Answer: Often, the variance depends on the number of samples $n$ that we have and so the variances are of the form $C_i/n$ for $i=1,2$. If $C_2>C_1$, this means that we’d need a larger number of samples if we wanted to decrease the variance of $\hat{\theta}_2$. In that sense, $\hat{\theta}_1$ is more efficient than $\hat{\theta}_2$ because it needs fewer samples to obtain some threshold on the size of variance.

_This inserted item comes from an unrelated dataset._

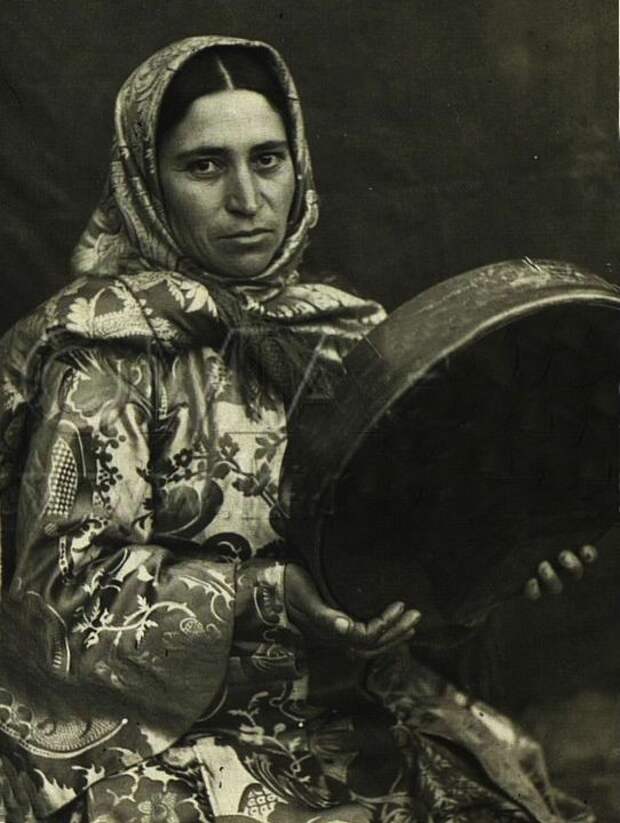 Шаманка из деревни Курла, Дагестан 1950 исторические фото, костюмы, шаманы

Example: Let $\theta$ be the angle at which electrons are emitted in muon decay. It has a probability distribution with PDF being $f(x|\alpha) = (1+\alpha x)/2$ where $x = \cos \theta \in [-1,1]$ and $\alpha \in [-1,1]$ is called the asymmetry parameter which I’ll discuss below. This $\alpha$ is unknown to us but we’d like to predict it. The expected value is then: $\frac{1}{2}\int^1_{-1}x(1+\alpha x)\, dx = \alpha/3$. A quick trick is to spot that the odd functions have integral equal to 0 on intervals that are symmetric across $x=0$. Also, the 2nd moment is $E[X^2] = \frac{1}{2}\int^1_{-1} x^2(1+\alpha x)\, dx = 1/3$. Hence, the variance is $\frac{1}{3}-\frac{\alpha^2}{9}$.

Our first integral gives us a method-of-moments estimate on $\alpha$: $\hat{\alpha}_{MOM} = 3E[X] = 3\bar{X}$. Then, Churchill writes that the variance is $\text{Var}(\hat{\alpha}_{MOM}) = 9\text{Var}(\bar{X}) = \frac{9}{n}\text{Var}(X) = \frac{3-\alpha^2}{n}$.

Remark: We know that $E[\bar{X}] = E[X]$ and if $\bar{X}$ is a specific average we computed from specific observations of muon decay, then $\text{Var}(\bar{X})=0$. But if we treat $\bar{X}$ as its own random variable, then $\text{Var}(\bar{X}) = \frac{1}{n}\text{Var}(X)$. To see why, since $\bar{X}=\frac{1}{n}(X_1+…+X_n)$ where the $X_i$ are all iid. So $\text{Var}(\bar{X}) = \frac{1}{n^2}\text{Var}(X_1+…+X_n)$. Writing things out fully, we’ll have that the variance of this sum is $\sum^n_{i=1}E[X^2_i] + 2\sum_{i<j}E[X_i X_j] -(E[X_1]+…+E[X_n])^2$. Now, $E[X_i]=E[X]$ for all $i$ since these are iid. Also, $E[X_iX_j] = \text{Cov}(X_i,X_j) + E[X_i]E[X_j]$. But being independent, the covariance is 0 and we just have $E[X]^2$ from this cross term. The third term in the sum above, if multiplied out is $n^2E[X]^2$, and the first term is $nE[X]$. So putting things together, we have $\frac{1}{n^2}(nE[X]+(n^2-n)E[X]^2-n^2E[X]^2) = \frac{1}{n}\text{Var}(X)$.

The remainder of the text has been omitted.